Fortis: Past, present, future

Posted on January 02, 2024 | By Ashley Fitzpatrick | 0 Comments

Fortis has come a long way in 139 years—and has a long way to go yet. But there’s one move they have no intention of making

When will St. John’s, Newfoundland and Labrador say goodbye to its greatest business success story? It’s a question that’s been asked for decades, but even more frequently since the company came under the leadership of U.S.-based president and CEO David Hutchens.

Fortis Inc. can trace its earliest roots to a humble utility service in 1885 St. John’s. Today, it’s a publicly traded powerhouse with $11 billion in annual revenue (2022), subsidiaries across Canada, the U.S. and Caribbean, and a record-setting history of shareholder returns. So, when will it move its main office to some more logical, central location… like Toronto or New York?

“The answer today is still as it was when I answered it 50 times on the first day, when I went through all my employee meetings and (was) talking about becoming the new CEO: (there are) no plans to move it,” Hutchens told Atlantic Business Magazine, smiling at getting the question yet again.

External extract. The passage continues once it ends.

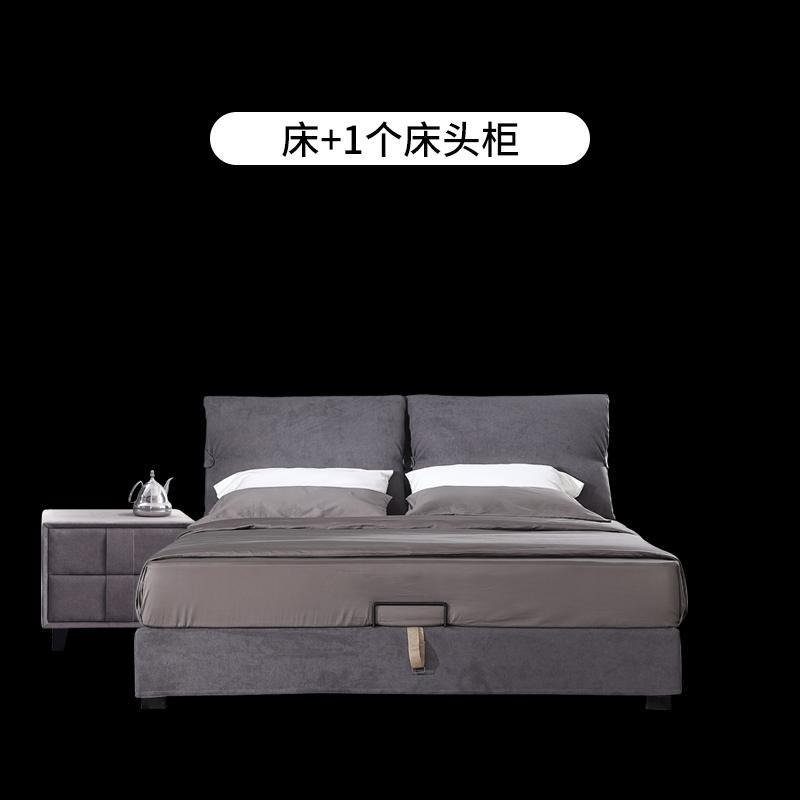北欧主卧布艺床简约现代双人床可拆洗1.8米实木轻奢软包储物婚床 1500mm*2000mm_床+1个床头柜_组装式架子床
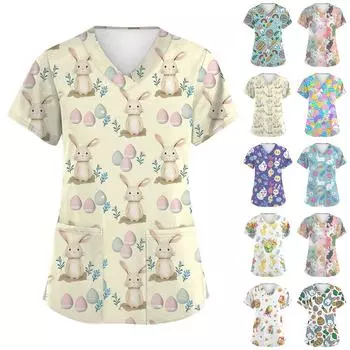 Женская модная рабочая куртка с короткими рукавами и пасхальным принтом, V-образным вырезом и карманом XXXXL жёлтый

“We’ve got just a tremendous amount of talent on the team there,” he said, on a video call from Arizona, before diving into deeper discussions on leadership and plans for the future.

A special meeting

Modern-day Fortis was born at a special meeting of Newfoundland Light & Power shareholders at the Hotel Newfoundland in St. John’s on Nov. 24, 1987. The previous year, Angus Bruneau—former Dean of Engineering at Memorial University—had been named president and CEO of the electric utility. This was a vitally important local company: people depended on it for reliable and affordable power for their homes and businesses.

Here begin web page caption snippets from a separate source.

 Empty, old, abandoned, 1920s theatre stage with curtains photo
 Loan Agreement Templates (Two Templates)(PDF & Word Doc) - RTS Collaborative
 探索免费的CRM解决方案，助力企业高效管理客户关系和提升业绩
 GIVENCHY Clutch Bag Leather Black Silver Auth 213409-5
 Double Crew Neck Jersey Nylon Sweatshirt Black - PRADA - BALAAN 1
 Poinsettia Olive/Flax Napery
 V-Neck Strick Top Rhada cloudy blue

At that meeting, Bruneau presented shareholders with an idea for a new holding company/investment opportunity and an offer. Each of the 8,542,942 common shares of Newfoundland Light & Power (it was rebranded to Newfoundland Power in 1990) would be worth a single share of a new holding company: Fortis. Bruneau’s idea, and offer, were accepted.

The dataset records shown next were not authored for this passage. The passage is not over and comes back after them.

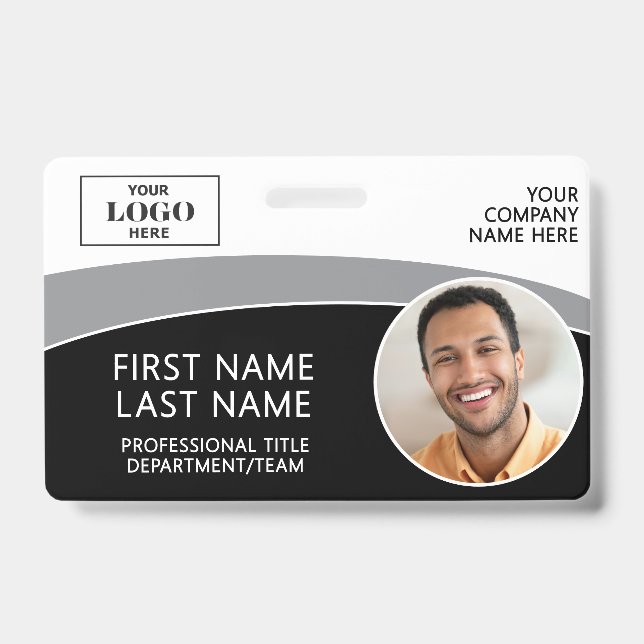 Badge de nom d'employé avec code-barres et photo d (Avant)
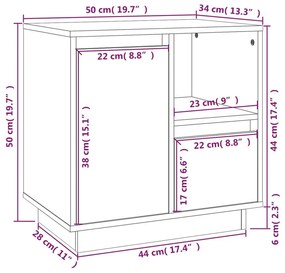 Κομοδίνα 2 τεμ. Μαύρα 50x34x50 εκ. από Μασίφ Ξύλο Πεύκου - Μαύρο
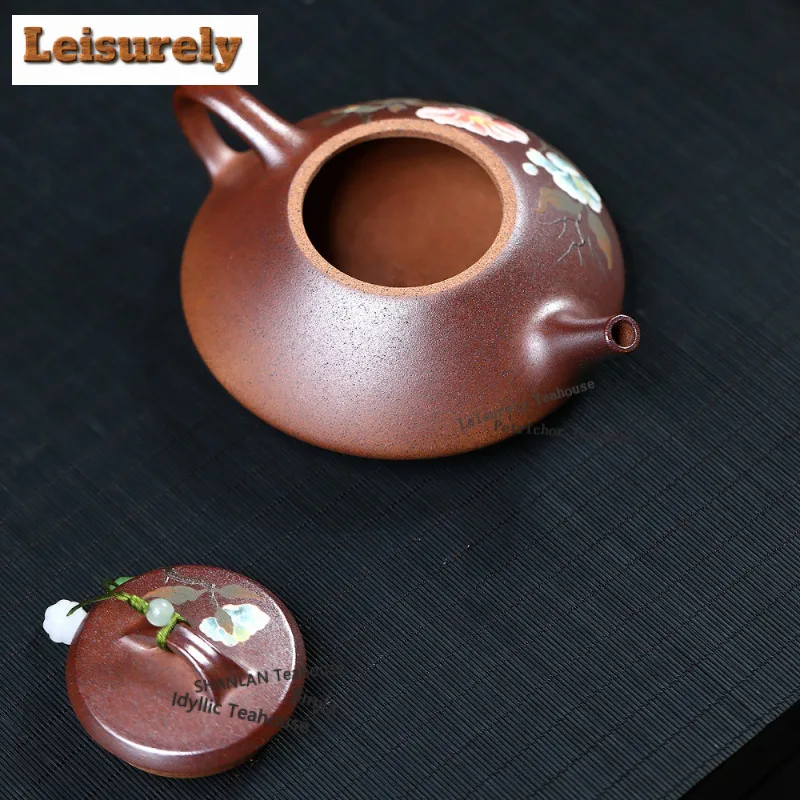 160ml Yixing Purple Clay Teapots Master Handmade Stone Scoop Pot Raw Ore Wood-fired Porcelain Mud Tea Maker Kettle Zisha Tea Set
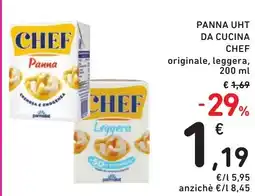 Spazio Conad Panna uht da cucina Chef originale, leggera offerta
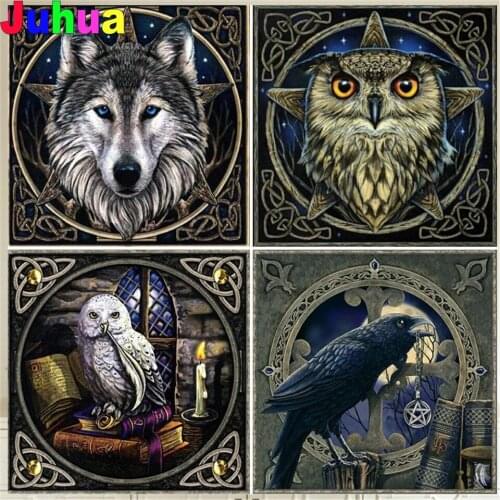 Wolf owl 5D DIY Diamond Painting diamond stitch Full Drill abstract animal mosiac Diamond Embroidery gift home decor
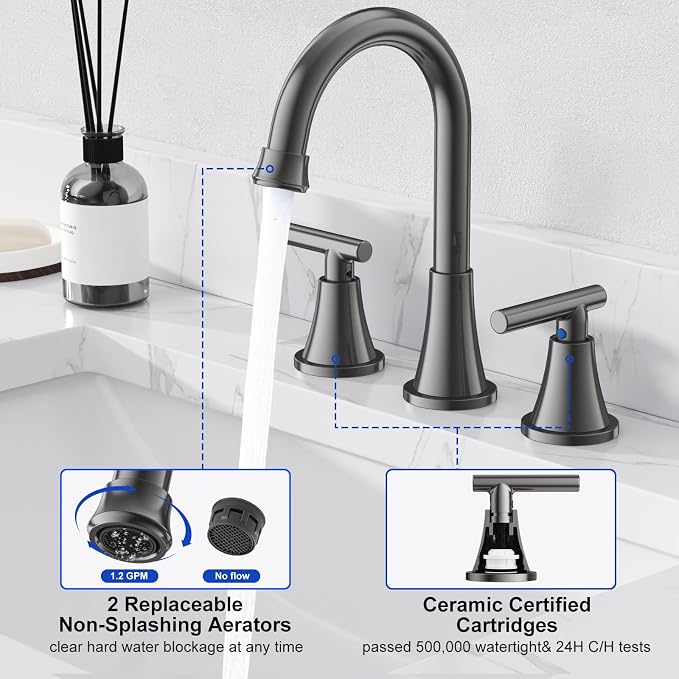 Bathroom Faucets for Sink 3 Hole, Hurran 8 inch Widespread Brushed Grey - Image 4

As noted in The Illustrated History of Newfoundland Light & Power by Mel Baker, Robert Pitt and Janet Miller Pitt (1990), Fortis is Latin for ‘strong’. The new holding company would have the ability to leverage the steady income of the utility and pair it with investor interest in business opportunities outside of Newfoundland Power and regulated utilities. There was an interim board, including Bruneau, and they decided the official start would be Dec. 29, 1987.

Early day-to-day operations relied on cross-over appointees from Newfoundland Light & Power. These included Bruneau as well as vice-president of finance John Rutherford and corporate secretary Raymond Gosine. Herbert Stanley “Stan” Marshall—remember that name—was Fortis’ first vice-president of corporate affairs. The team was tasked with vetting potential new investment opportunities. Soon, Bruneau was pulling back from his work with the utility to dedicate more time to Fortis.